When David Jones Became David Bowie
David Robert Jones was born in London on Jan. 8, 1947. But you may know him better as David Bowie.
From an early age, Jones was interested in self-reinvention, which took shape not only in his image, but also with his music and name. In June 1964, he released his first record, a stomping rocker called "Liza Jane." The single was credited to Davie Jones and the King Bees. In March 1965, a second single, "I Pity the Fool," was issued, this time under the group name of the Manish Boys.

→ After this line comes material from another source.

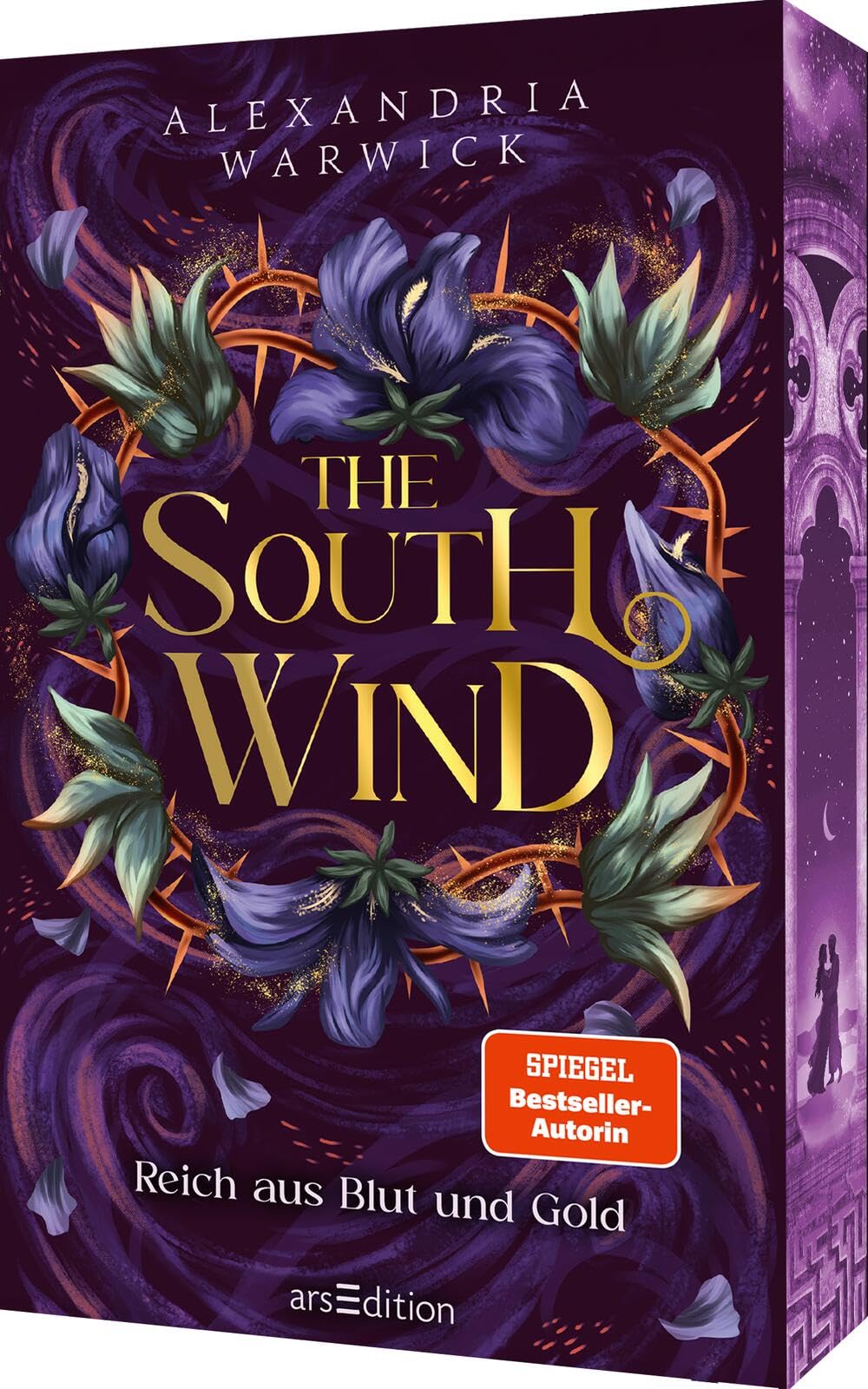 The South Wind - Reich aus Blut und Gold (The Four Winds 3) Contemporary literature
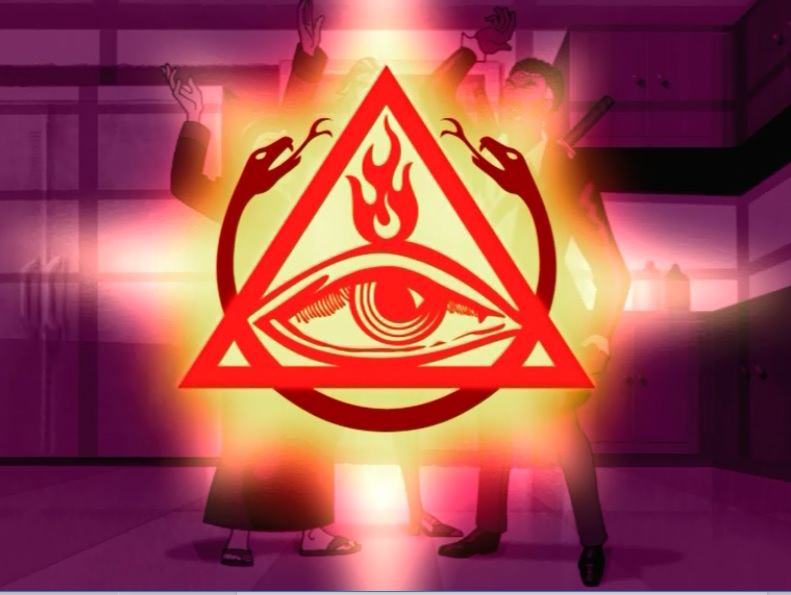 order triad venture brothers wiki fandom order triad venture brothers wiki fandom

In August of that year, Jones' third single appeared, along with another new moniker: Davy Jones and the Lower Third. By early 1966, the transformation was almost complete when the single "Can't Help Thinking About Me" was released under the name David Bowie With the Lower Third. The final play of the name game was completed in 1966, when "Do Anything You Say" was released in April and "I Dig Everything" in August, and both were credited simply to David Bowie.
For years, the story was that Jones became Bowie so he wouldn't be confused with the other Davy Jones. But Bowie's new name was in place before anyone knew who the Monkees were. "Last Train to Clarksville," the group's first single, wasn't released until August 1966; the TV show premiered a month later. Even though David Jones, before he was a Monkee, put out an album under his own name in 1965, it was released only in the U.S. and wasn't a huge seller. There's little chance that the future David Bowie was even aware of it. According to legend, he named himself after Jim Bowie, the American pioneer who was handy with a knife.
Still, in 1967, the singer replied to a letter from a fan who wanted to start a U.S. fan club. One of the questions he answered was one about his name. "My real name is David Jones," he wrote, "and I don't have to tell you why I changed it."